Insiders in het onderzoek, onder wie vooraanstaande profilers en vroegere rechercheurs uit het onderzoeksteam, menen daarentegen dat de eveneens overleden Christer Andersson de meest waarschijnlijke dader is. Hij kwam in de jaren negentig in beeld, omdat hij ten tijde van de moord een revolver bezat van hetzelfde type als het moordwapen. Hij had ook een motief én de gelegenheid. Het boek De vermoedelijke moordenaar van Olof Palme gaat uitgebreid in op de verdenkingen tegen zowel Andersson als Engström.

Controversieel politicus

Olof Palme, die 59 werd, was een van de bekendste politici van zijn generatie. Hij werd beroemd als voorvechter van ontwapening, als tegenstander van apartheid en als de belangrijkste westerse criticus van het Amerikaanse optreden in Vietnam.

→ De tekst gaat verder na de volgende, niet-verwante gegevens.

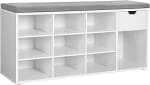 VASAGLE Shoe Storage Bench with Cushion, Drawer | Open Compartments, White and Grey,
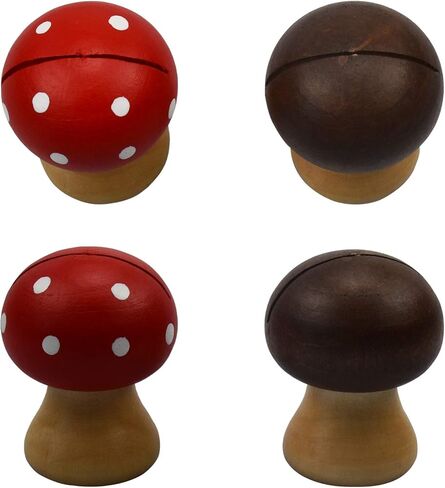 Enyuwlcm Wood Memo Holder Stand Suitable for Single Photo Picture Note Cute Mushroom Card Holder Office Home Decoration Brown and Red 2 Packs in Kuwait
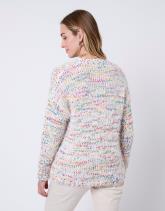 Pull épais court multicolore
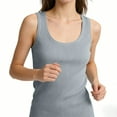 thumbnail image 5 of BILIKEYU Womens U Neck Ribbed Tank Tops, High Neck Sleeveless Ribbed Tank Casual Basic Thick Strap Slim Fitted Workout Going Out Racerback Shirts, Gray, 5 of 9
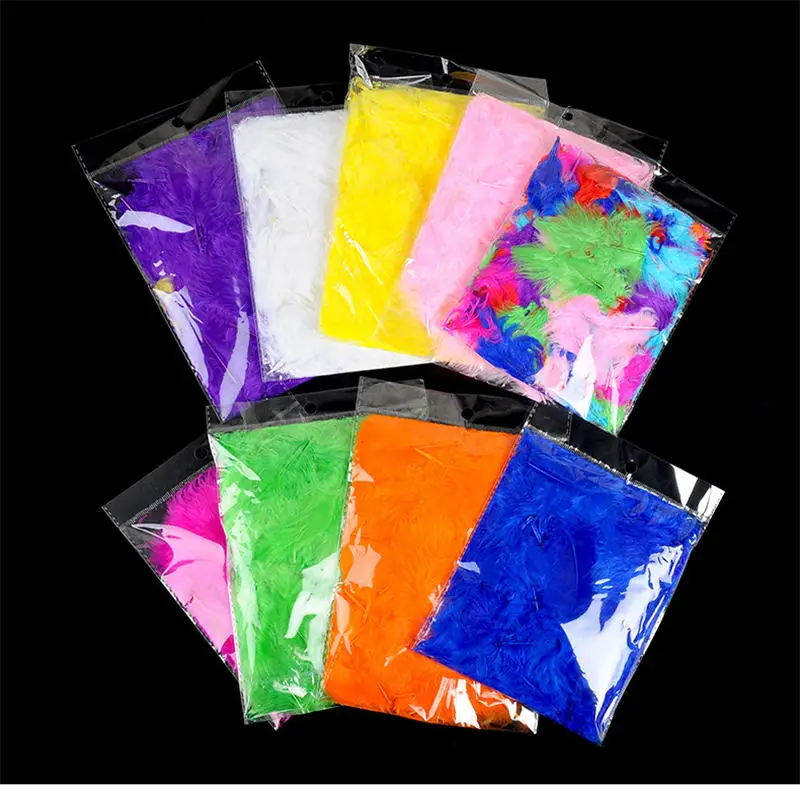 100PCs 7-10 cm Multicolor Feathers Puffy Wedding Dress DIY Christmas Gift Box Filler Decoration Craft Accessories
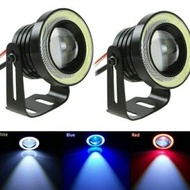 Lampu Led Foglamp Mobil KARIMUN GS/KOTAK Projector Angel Eyes 89mm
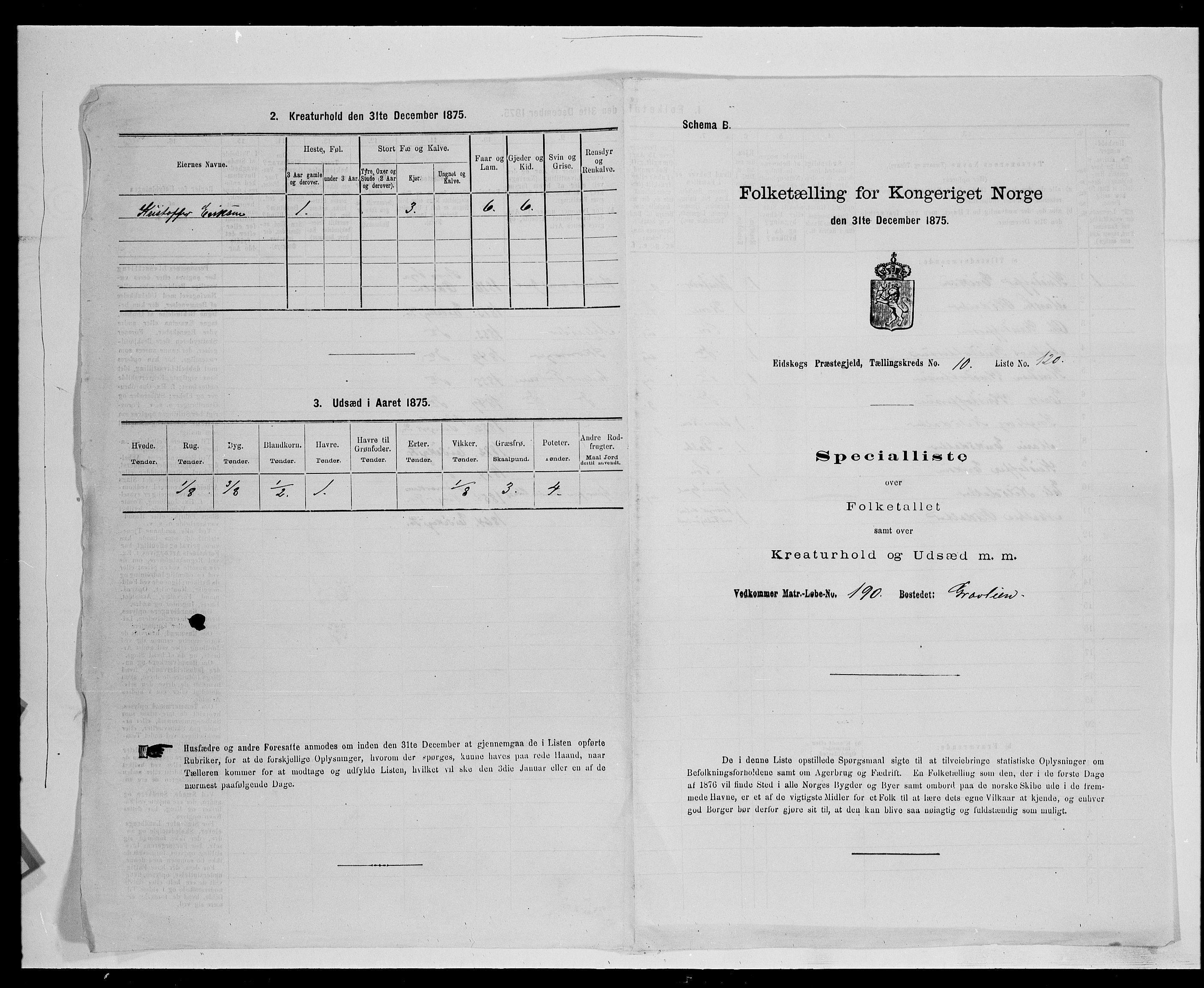 SAH, 1875 census for 0420P Eidskog, 1875, p. 1965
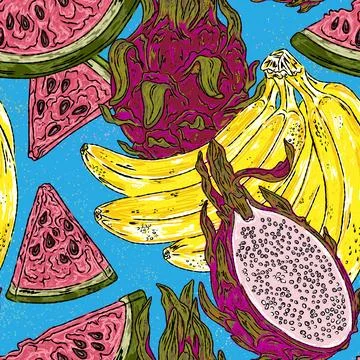 A tropical fruit pattern bananas, watermelon, and pitaya a hand drawn botanic イラスト素材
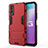 Coque Contour Silicone et Plastique Housse Etui Mat avec Support KC1 pour Vivo Y51s 5G Rouge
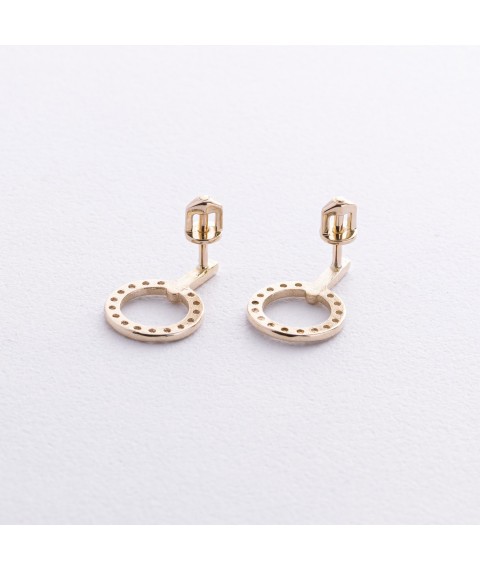 Earrings - studs "Tessa" with cubic zirconia (yellow gold) s08729 Onyx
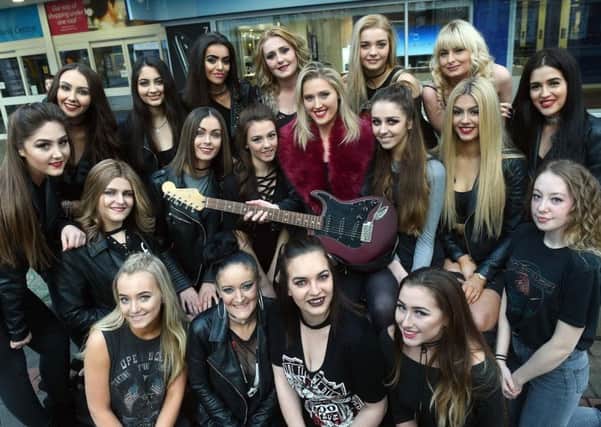 The finalists for this year's Miss Tees Valley contest line up with Top Model of England winner Rebecca Ridsale in the middle.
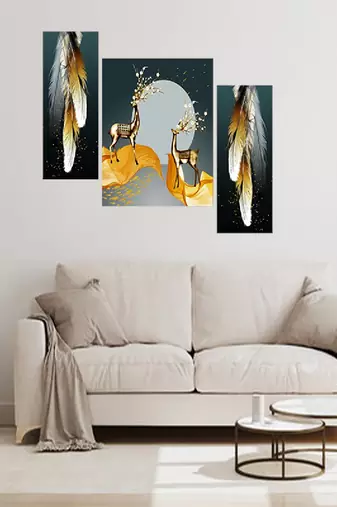 Set of 3 digital wall painting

Dat maakte hem geliefd, maar ook controversieel. Conservatieve krachten in Zweden verweten hem dat hij zijn land aan de Sovjet-Unie wilde “verkopen”. Ook zijn felle, “on-Zweedse” debatstijl viel niet goed in eigen land.

Deze website volgt recente ontwikkelingen en bespreekt waar het onderzoek misliep. Wie meer wil weten over de diverse sporen vindt ze, overzichtelijk besproken en kritisch tegen het licht gehouden, in dit boek.

 

Deel dit artikel

Laat een reactie achter

Translate »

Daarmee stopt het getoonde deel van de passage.